Using the skew chisel

Every now and then you might take it out of its hiding place, and try to find the secret to this strange tool. Often, these attempts at skew enlightenment last just a moment or two before frustration sets in and the skew gets hidden away once again.

In order to become proficient with the skew, it’s important to get a feel for the tool and the techniques for using it properly. The project I’ve selected is a “practice stick”. This piece is turned exclusively with the skew. Practicing it again and again will give you the confidence you need to use the skew without fear. Start with a blank approximately 1-1/4″ square by 8″ long. Mount the blank between centers or in a chuck with the tail center in place. You’ll notice that I didn’t include dimensions on the drawings that accompany this article. If you wish to calculate and mark out the intended design, then do so.

However, I find it advantageous to practice this piece by eye. Doing so helps improve your eye for dimension. Remember, this is a practice piece.

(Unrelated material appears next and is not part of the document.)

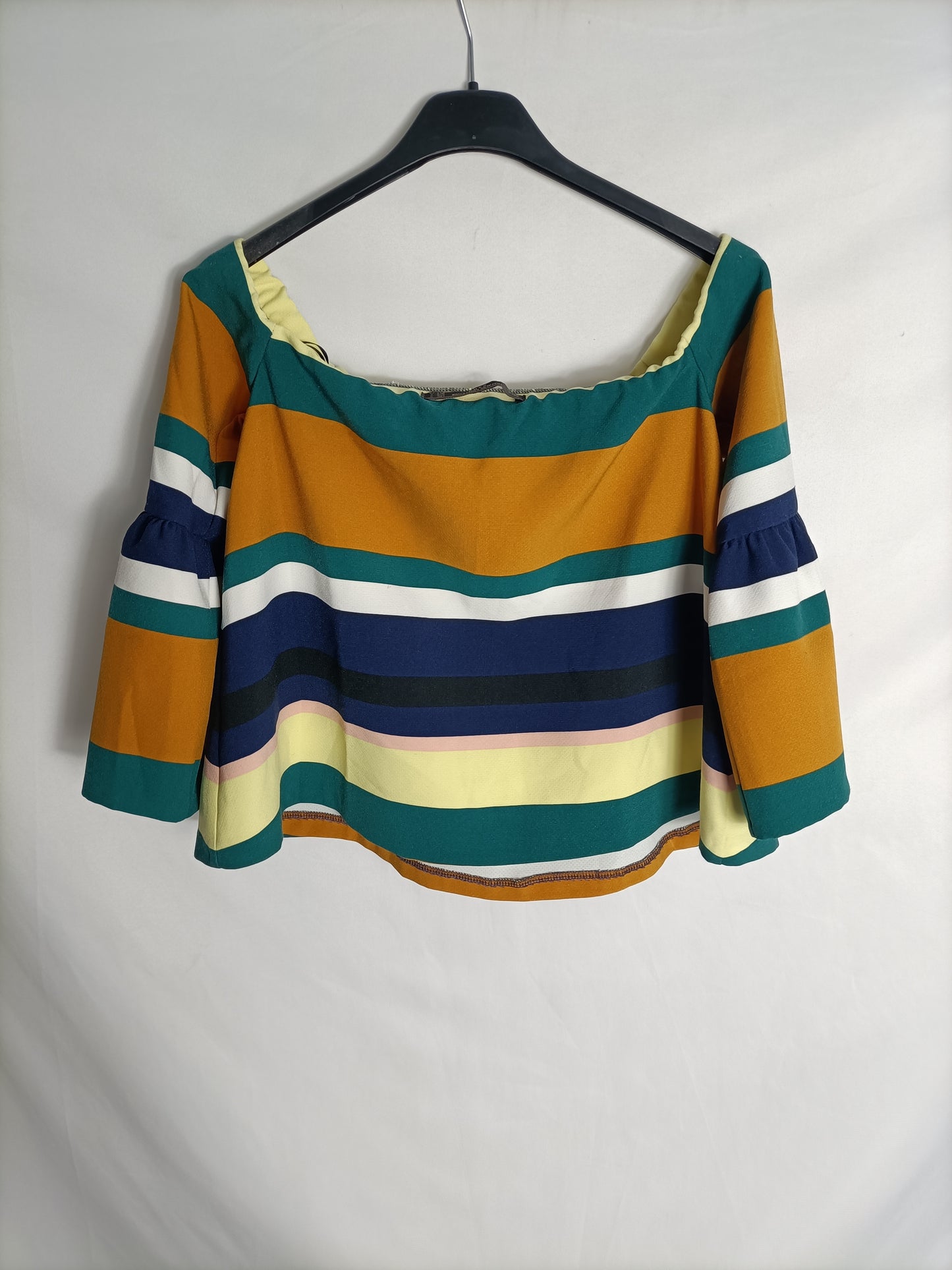 ZARA. Top verde rayas colores hombros al aire. T S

The Planing or Shearing Cut

The first step is to turn the blank round. While you can use a roughing gouge for this stage, I’ll show you how to round it with the skew. With the toe of the skew pointing up, tilt the shank approximately 45° left of vertical and swing the handle approximately 45° to the left. The cutting edge should be at a sharp angle to the axis. Adjust the tilt and angle of the tool until the bevel is rubbing. (You may want try this with the lathe turned off at first). Continue making slight adjustment until you begin to get a cut on the bottom half of the cutting edge. Never make a cut above the center of the tool. Once you have established the cut, hold that position and advance the tool to the right. You can cut to the left by mirroring this technique. Continue in this manner until the blank is round.

The V-cut

The next step is to define the major diameters by making V-cuts at each end (A), and on each side of center (B). Position the tool with the toe down, and the skew tilted slightly toward the center of the intended V. Begin with the handle low and raise the handle to drop the toe into the cut. Cut as deep as you can, but don’t force it. Move the tool to the other side of the V and mirror the cut. The object is to meet in the center at the bottom of the V. Continue in this manner, enlarging the V until you reach about half the depth of the blank. Make all four cuts like this.

The Taper

For the third step you use a planing cut to taper the two sides. Start close to the small ends (A) and make a few light cuts toward the ‘V’-cut. Progress towards the middle, taking longer cuts until the last cut is along the whole length of the taper. Do the same for both sides.

Turning the Bead

Begin the center portion by making a V-cut (C) beside the two center V-cuts (B) you made earlier. Make the cut in the same manner, and expand the width until the two Vs meet at the top. Try to match the depth at the same time. The last cut will be the most difficult as there is very little material there to support the tool when you begin the cut. Complete the two V-cuts, then begin to form the ball in the center.

Rolling a Bead

Begin with your skew in the ‘planing cut’ position. Start the left side of the ball just to the right of the V you just made. Lift the handle and roll the skew counter clock wise so that the shank ends up close to vertical, with the toe up. Take light cuts, improving the shape with each cut. Move to the other side of center and repeat the process in the opposite direction. You’ll find it easier to cut in one direction, then the other, but you need to practice both directions.

Your Goals

You have three goals. The first is to cut without getting catches. The second is to get a smooth cut with a nice surface finish. The third is to produce the shape you had in mind when you started. The first attempt likely won’t go well, but the idea is to practice and improve. As you practice, take note of your progress. Put extra effort in the areas that are giving you problems. Once you have accomplished satisfactory results, change it up a bit. You could add another ball in the center, or a bead on each end. Change something and practice more.

Shearing, not Scraping

With the skew, use a shearing action, not a scraping action. Using the skew like a scraper just dulls it quickly and produces a poor cut. Always cut down hill. That is to say, cut from the large diameter to the small diameter. Always rub the bevel, and keep the cut in the bottom half of the cutting edge. Failure to follow these points is the most common cause of catching. Shearing cuts can be made with the toe up or the toe down. I happen to prefer the toe up, but many turners prefer the toe down.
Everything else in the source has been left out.